→ **Input for this task**:
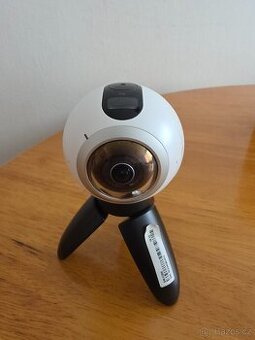 Samsung Gear 360 - 1
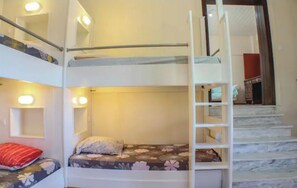 5 Schlafzimmer, Schreibtisch, Bügeleisen/Bügelbrett, Reisekinderbett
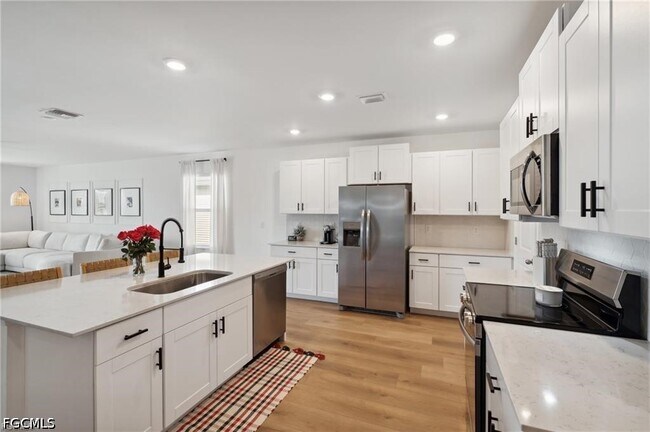 Building Photo - 17729 Paradiso Wy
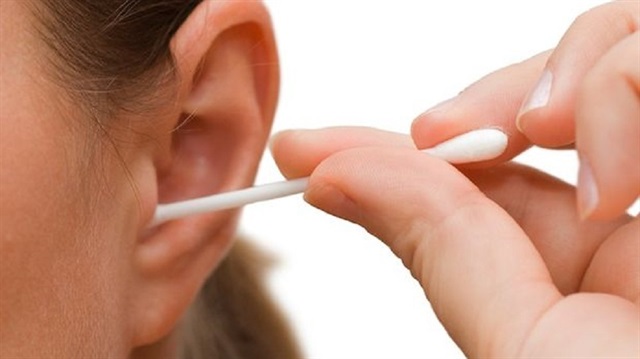 Dr. Kağan İpçi, kulak temizleme çöpleriyle kulak içine müdahale edilmemesi gerektiğini söyledi.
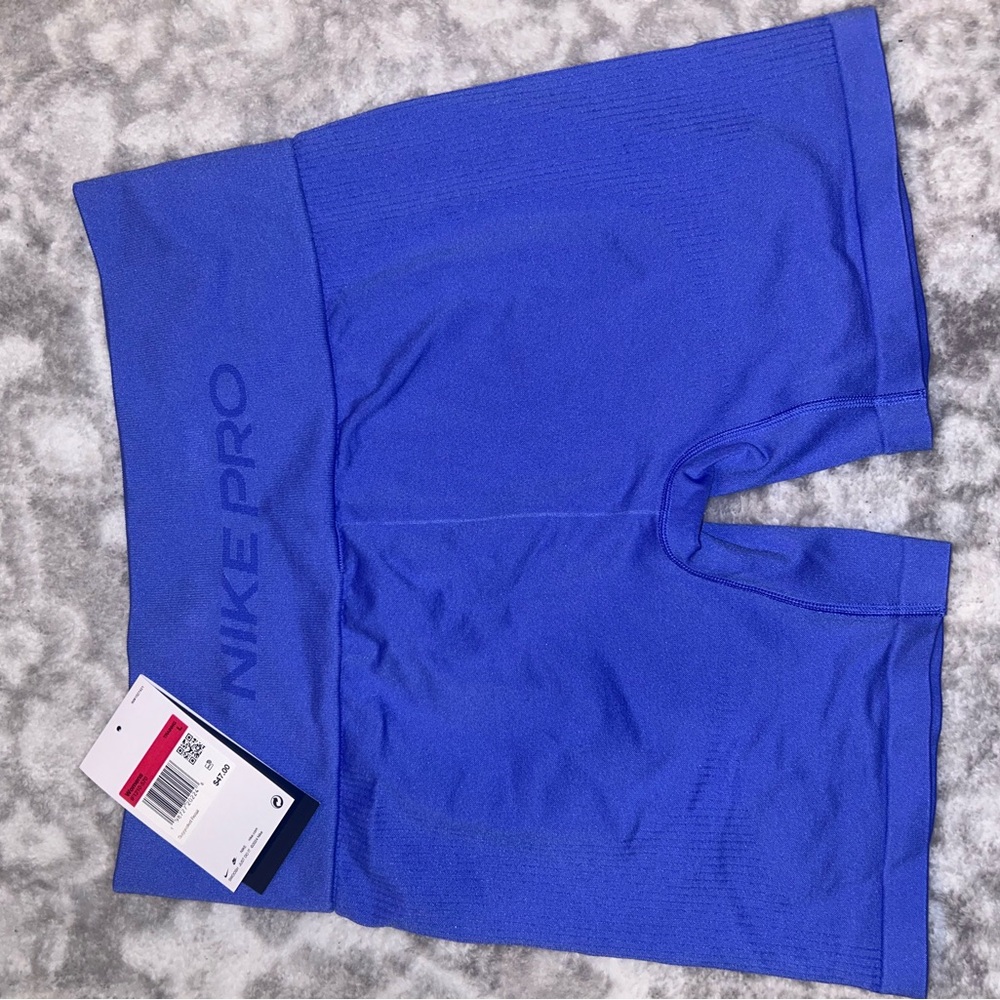 Nike Violet-Lavender Pro Sports Bra and Bike Shorts Set - Picture 4 of 4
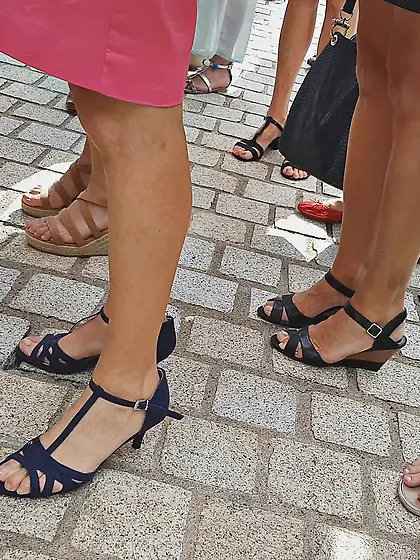 Voyeur Teen feet foot barefeet barefoot toes soles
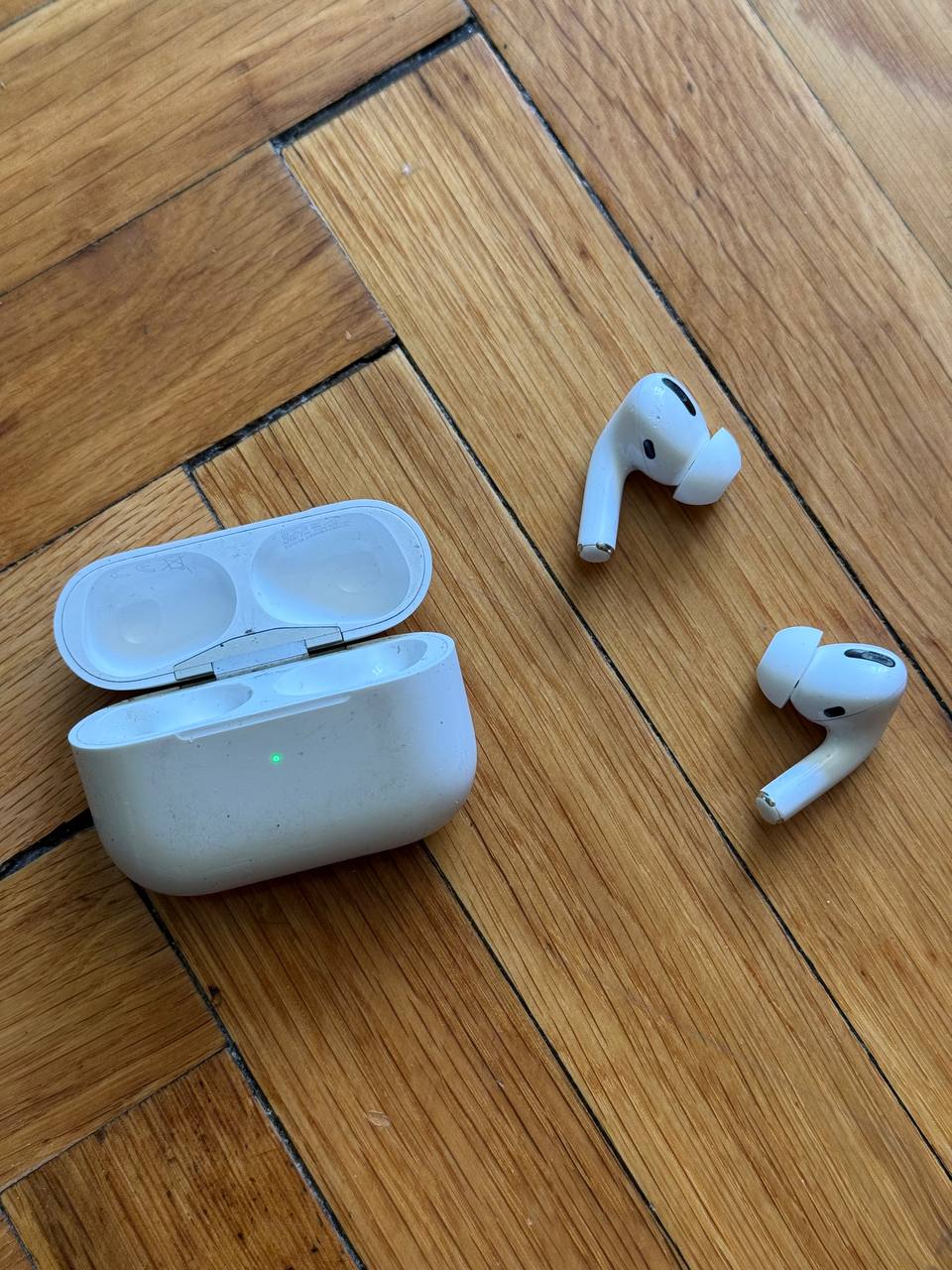 AirPods Pro 1gen photo 2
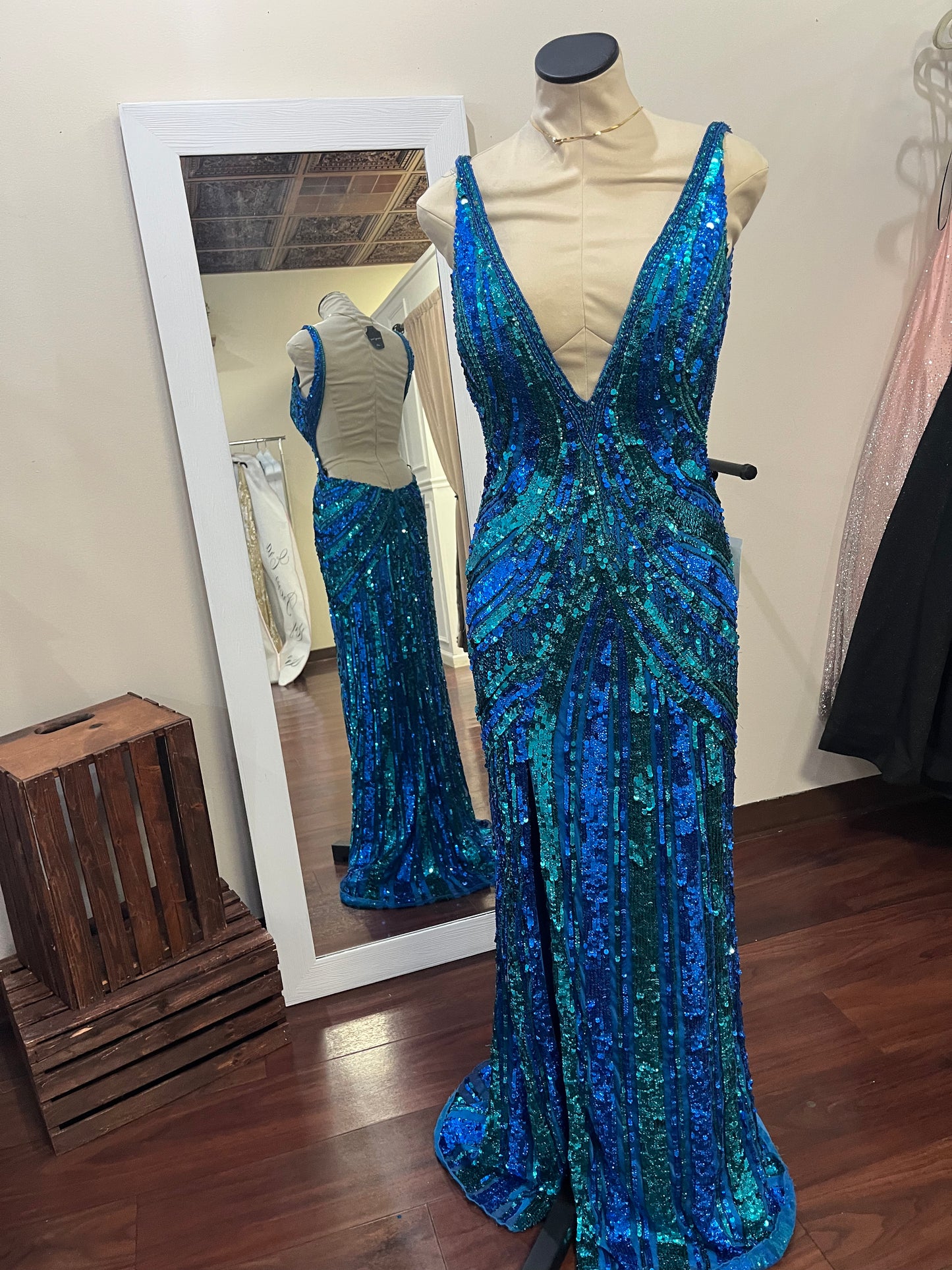 Sherri Hill Blue & Teal Sequin Gown – Size 10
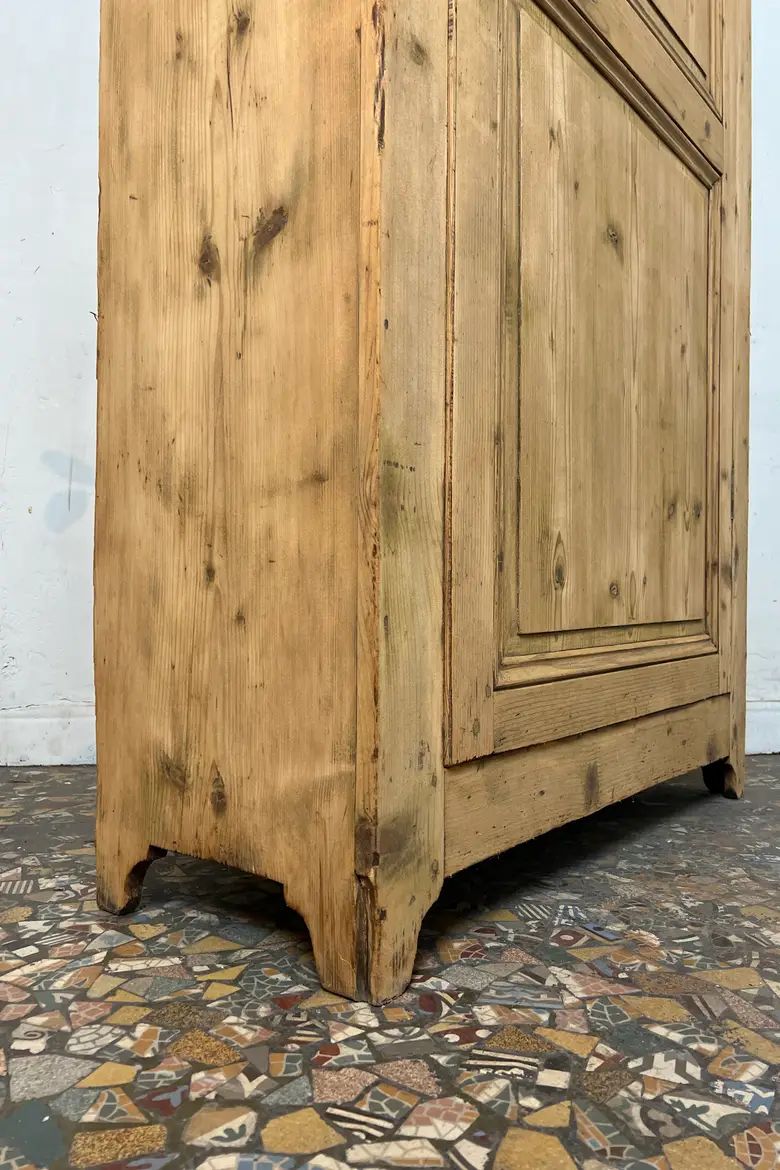 Ancienne bonnetière en sapin brut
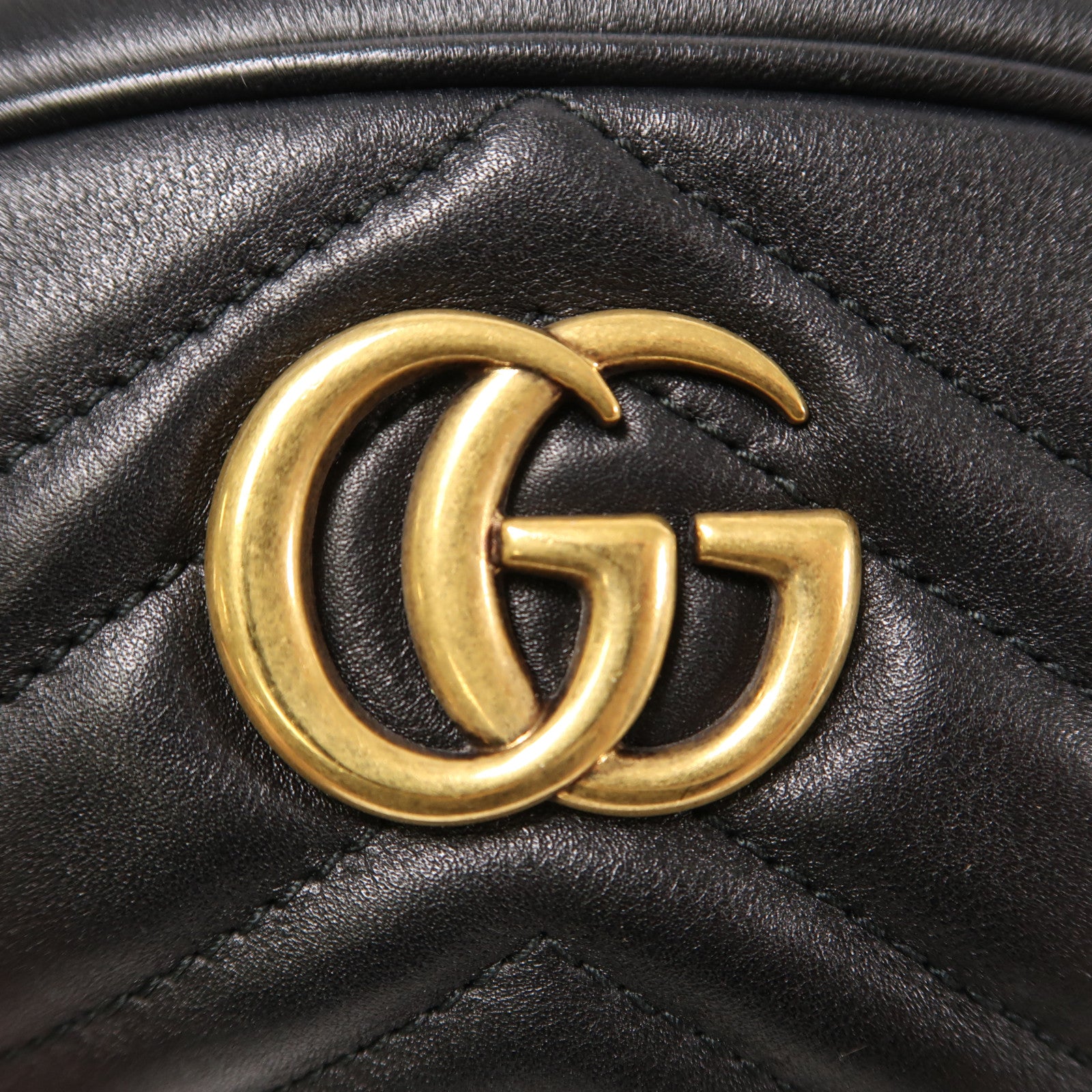 GUCCI 牛皮皮革GG Marmont金扣腰包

→ **What this task involves**: Word-for-word copy, no pictures: write out the entries above in full.

→ **The answer**:
 Samsung Gear 360 - 1
 5 Schlafzimmer, Schreibtisch, Bügeleisen/Bügelbrett, Reisekinderbett
 Building Photo - 17729 Paradiso Wy
 Dr. Kağan İpçi, kulak temizleme çöpleriyle kulak içine müdahale edilmemesi gerektiğini söyledi.
 Nike Violet-Lavender Pro Sports Bra and Bike Shorts Set - Picture 4 of 4
 Voyeur Teen feet foot barefeet barefoot toes soles
 AirPods Pro 1gen photo 2
 Sherri Hill Blue & Teal Sequin Gown – Size 10
 Ancienne bonnetière en sapin brut
 GUCCI 牛皮皮革GG Marmont金扣腰包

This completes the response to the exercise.